+++ Task input

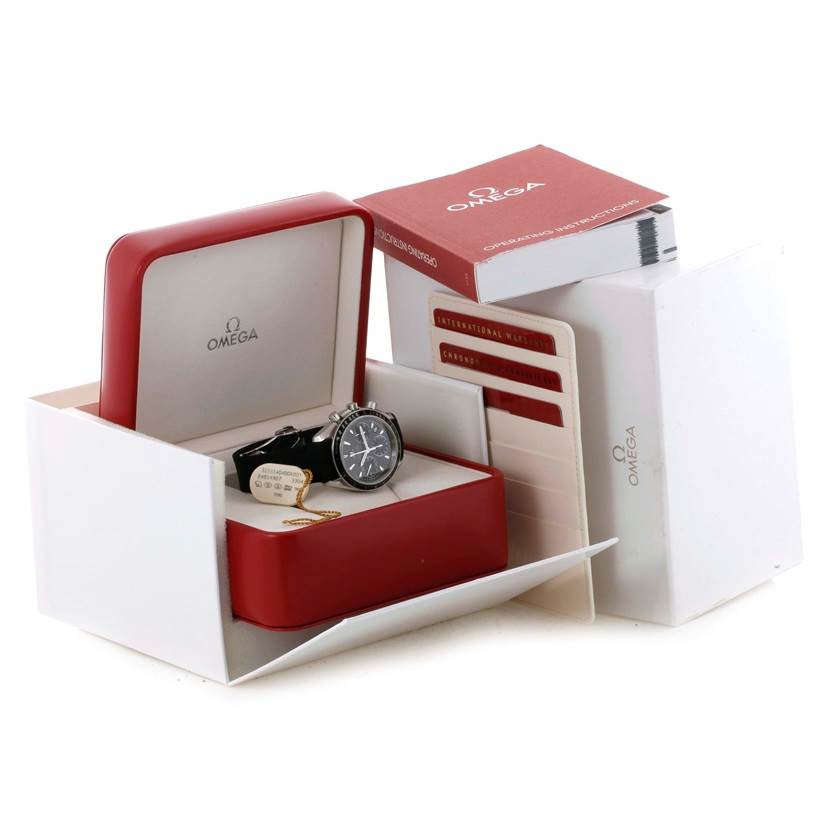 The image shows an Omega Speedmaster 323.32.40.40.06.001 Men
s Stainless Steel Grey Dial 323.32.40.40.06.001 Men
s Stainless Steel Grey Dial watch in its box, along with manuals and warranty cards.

++++++
+++ Task input

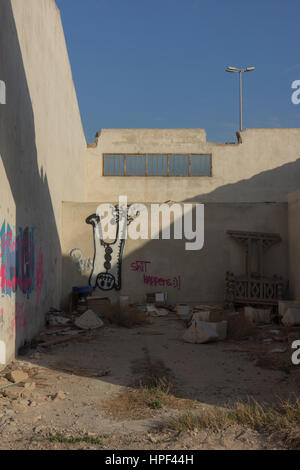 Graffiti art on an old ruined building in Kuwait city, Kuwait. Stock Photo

++++++

Your instructions: Using the data above, retype exactly the lines from the line with "The image shows" to the line with "s Stainless Steel Grey Dial watch", inclusive. No pictures and nothing else.

Response area:
 The image shows an Omega Speedmaster 323.32.40.40.06.001 Men
s Stainless Steel Grey Dial 323.32.40.40.06.001 Men
s Stainless Steel Grey Dial watch in its box, along with manuals and warranty cards.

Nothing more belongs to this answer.